Report back every line in the data that includes the string "Print".

◆ **Short web captions**
__________
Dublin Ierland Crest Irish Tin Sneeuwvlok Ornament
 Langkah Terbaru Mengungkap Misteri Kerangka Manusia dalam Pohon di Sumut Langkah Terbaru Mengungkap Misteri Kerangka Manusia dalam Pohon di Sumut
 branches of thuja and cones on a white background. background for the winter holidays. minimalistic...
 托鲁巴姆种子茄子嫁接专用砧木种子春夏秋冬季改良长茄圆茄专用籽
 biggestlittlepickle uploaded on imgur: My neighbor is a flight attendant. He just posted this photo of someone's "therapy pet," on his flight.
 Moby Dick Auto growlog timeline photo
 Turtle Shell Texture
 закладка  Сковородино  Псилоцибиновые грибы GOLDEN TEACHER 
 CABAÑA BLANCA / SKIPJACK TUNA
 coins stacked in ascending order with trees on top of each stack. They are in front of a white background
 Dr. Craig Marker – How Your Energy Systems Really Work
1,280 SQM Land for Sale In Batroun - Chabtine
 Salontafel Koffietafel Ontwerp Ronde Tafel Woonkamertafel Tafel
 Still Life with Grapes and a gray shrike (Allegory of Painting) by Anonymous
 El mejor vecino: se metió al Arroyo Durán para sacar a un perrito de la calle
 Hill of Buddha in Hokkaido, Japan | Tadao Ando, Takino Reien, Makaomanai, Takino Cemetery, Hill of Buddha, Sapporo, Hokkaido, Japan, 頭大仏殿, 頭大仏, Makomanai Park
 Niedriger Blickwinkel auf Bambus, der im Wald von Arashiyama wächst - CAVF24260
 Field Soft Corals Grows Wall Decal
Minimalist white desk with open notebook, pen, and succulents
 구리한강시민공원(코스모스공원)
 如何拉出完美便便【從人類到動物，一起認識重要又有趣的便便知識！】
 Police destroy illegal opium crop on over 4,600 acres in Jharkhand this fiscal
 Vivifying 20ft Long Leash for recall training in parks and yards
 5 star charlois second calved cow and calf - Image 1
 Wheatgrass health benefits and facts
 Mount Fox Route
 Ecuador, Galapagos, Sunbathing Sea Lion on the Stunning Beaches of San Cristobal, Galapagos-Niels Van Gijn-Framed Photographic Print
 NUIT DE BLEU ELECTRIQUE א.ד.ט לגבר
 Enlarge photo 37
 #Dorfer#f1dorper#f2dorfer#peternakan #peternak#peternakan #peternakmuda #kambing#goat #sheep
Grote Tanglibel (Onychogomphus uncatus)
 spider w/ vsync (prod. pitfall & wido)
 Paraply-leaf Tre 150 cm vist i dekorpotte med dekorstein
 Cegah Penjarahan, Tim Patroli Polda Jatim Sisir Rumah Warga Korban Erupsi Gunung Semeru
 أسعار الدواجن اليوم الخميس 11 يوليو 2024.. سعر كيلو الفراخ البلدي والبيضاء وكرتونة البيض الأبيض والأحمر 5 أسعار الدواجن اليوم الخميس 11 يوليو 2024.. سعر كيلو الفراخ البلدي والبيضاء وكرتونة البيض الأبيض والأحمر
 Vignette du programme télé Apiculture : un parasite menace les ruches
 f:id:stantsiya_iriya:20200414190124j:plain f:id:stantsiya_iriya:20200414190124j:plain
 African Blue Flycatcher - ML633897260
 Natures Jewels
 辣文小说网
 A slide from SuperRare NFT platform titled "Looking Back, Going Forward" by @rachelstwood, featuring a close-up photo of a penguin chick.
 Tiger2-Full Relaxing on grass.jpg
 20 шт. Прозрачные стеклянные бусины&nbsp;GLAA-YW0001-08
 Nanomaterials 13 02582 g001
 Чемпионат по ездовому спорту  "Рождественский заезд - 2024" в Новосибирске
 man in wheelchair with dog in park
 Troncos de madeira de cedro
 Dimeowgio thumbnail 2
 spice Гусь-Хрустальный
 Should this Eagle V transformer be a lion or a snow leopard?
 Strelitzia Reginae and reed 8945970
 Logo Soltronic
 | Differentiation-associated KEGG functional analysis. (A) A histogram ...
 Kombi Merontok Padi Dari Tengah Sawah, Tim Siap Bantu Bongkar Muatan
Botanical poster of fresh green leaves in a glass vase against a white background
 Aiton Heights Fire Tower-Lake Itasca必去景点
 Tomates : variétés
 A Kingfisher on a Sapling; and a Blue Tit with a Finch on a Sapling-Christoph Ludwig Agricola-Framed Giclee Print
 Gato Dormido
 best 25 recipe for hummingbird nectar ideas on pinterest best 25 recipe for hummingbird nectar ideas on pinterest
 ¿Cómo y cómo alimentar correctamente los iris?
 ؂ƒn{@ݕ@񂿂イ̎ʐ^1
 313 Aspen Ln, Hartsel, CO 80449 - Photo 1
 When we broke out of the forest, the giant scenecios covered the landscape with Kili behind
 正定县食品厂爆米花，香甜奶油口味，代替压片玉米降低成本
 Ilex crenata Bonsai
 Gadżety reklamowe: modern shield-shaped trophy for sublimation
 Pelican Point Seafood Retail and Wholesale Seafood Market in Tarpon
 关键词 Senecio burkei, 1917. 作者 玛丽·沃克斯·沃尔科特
__________
◆ **TASK RESPONSE**
 Ecuador, Galapagos, Sunbathing Sea Lion on the Stunning Beaches of San Cristobal, Galapagos-Niels Van Gijn-Framed Photographic Print
 A Kingfisher on a Sapling; and a Blue Tit with a Finch on a Sapling-Christoph Ludwig Agricola-Framed Giclee Print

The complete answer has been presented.